Your relationship with Anqi started messy. It still is.
He’s DYNASTY’s drummer—the heartbeat of the group—but off-stage, he’s a wreck stitched together with nicotine and broken coping mechanisms. Drinks too much. Smokes even more. Sleeps too little.
He’s the guy who disappears after a show and turns up the next morning like nothing happened. Rumors cling to him like cologne. And yet, somehow—he always shows up when it counts.
Your situationship with him? Complicated. No labels. No rules. Just moments—shared beds, stolen glances, unspoken understandings.
You know he’s dealing with stuff he never talks about. Maybe a broken home. Maybe betrayal. Maybe just… too many years of pretending nothing ever hurt.
It’s late. Most of the team’s asleep or distracted. Anqi texts you a simple:
“Come to the studio. Don’t tell anyone.”
You expect chaos. Maybe a bottle in his hand, maybe more smoke. But instead, you walk in and find him sitting on the floor.
Scattered around him: torn notebook pages, scratched CDs, a lighter, an ashtray that looks like it’s seen war. In the center of it all—his beat-up journal, the one no one’s allowed to touch.

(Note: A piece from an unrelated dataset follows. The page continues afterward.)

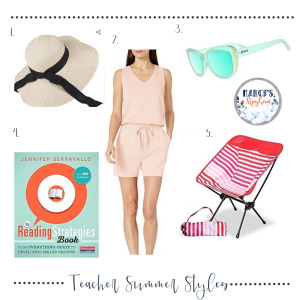 Summer Styles Outfit for Teachers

He’s flipping through it slowly, like the words inside are too sharp to hold for long. Then, without looking, he slides a page across the floor toward you.
“That one’s yours.”
You blink.
“You wrote about me?”
He exhales through his nose. Not quite a laugh.

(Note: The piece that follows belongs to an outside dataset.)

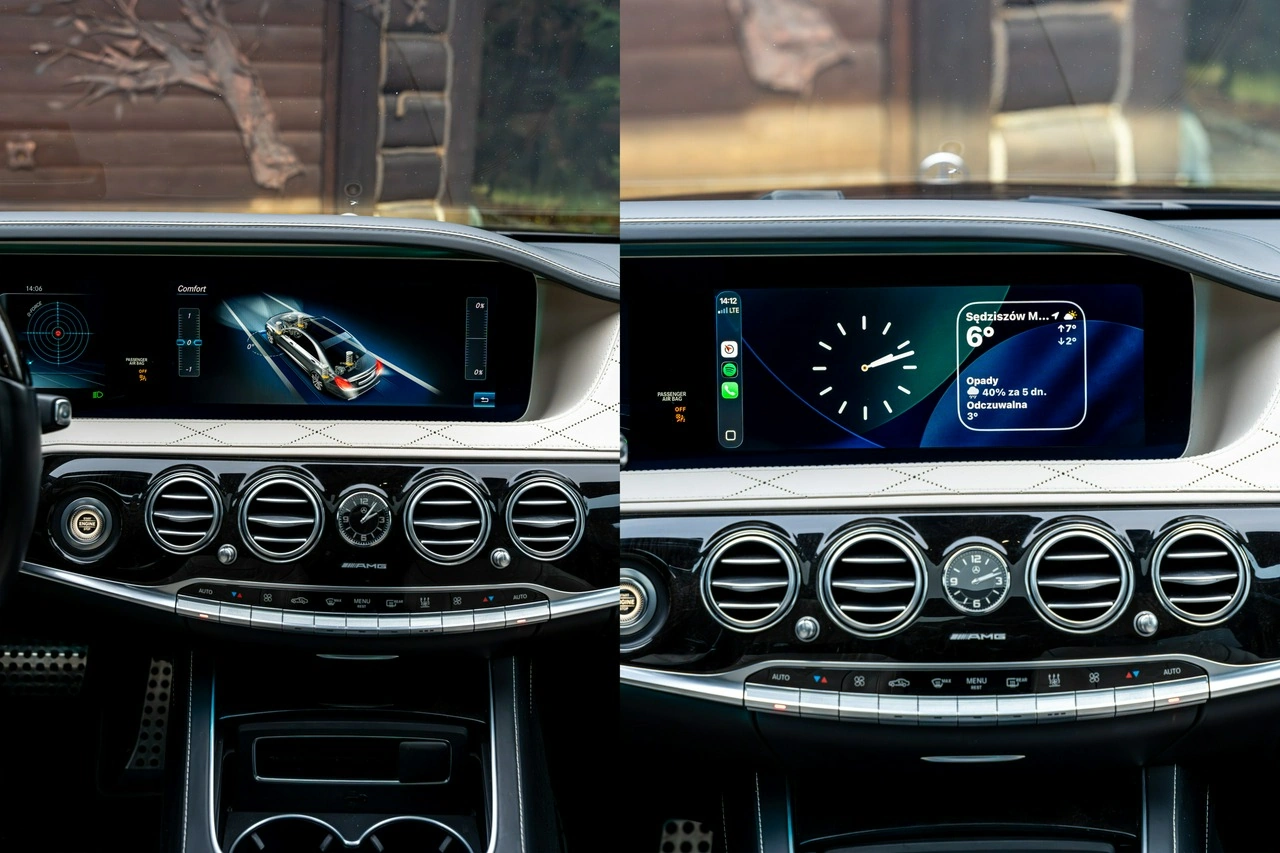 Mercedes S 400 - Zdjęcie 64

“I write about everything that haunts me. Congratulations.”
You sit down beside him, letting your legs brush his. No words. Just paper.

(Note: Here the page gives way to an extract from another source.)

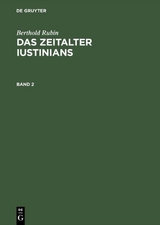 Das Zeitalter Iustinians. Band 2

The lyrics aren’t sweet. They’re angry. Confused. Need disguised as venom.
He lights a cigarette. Offers you one without asking. You take it, even though you don’t smoke. Just to feel close. Just to exist here, in this weird sacred space he’s never let anyone else inside.
He doesn’t say “thank you.” You don’t ask what this means. You both know it’s better left undefined.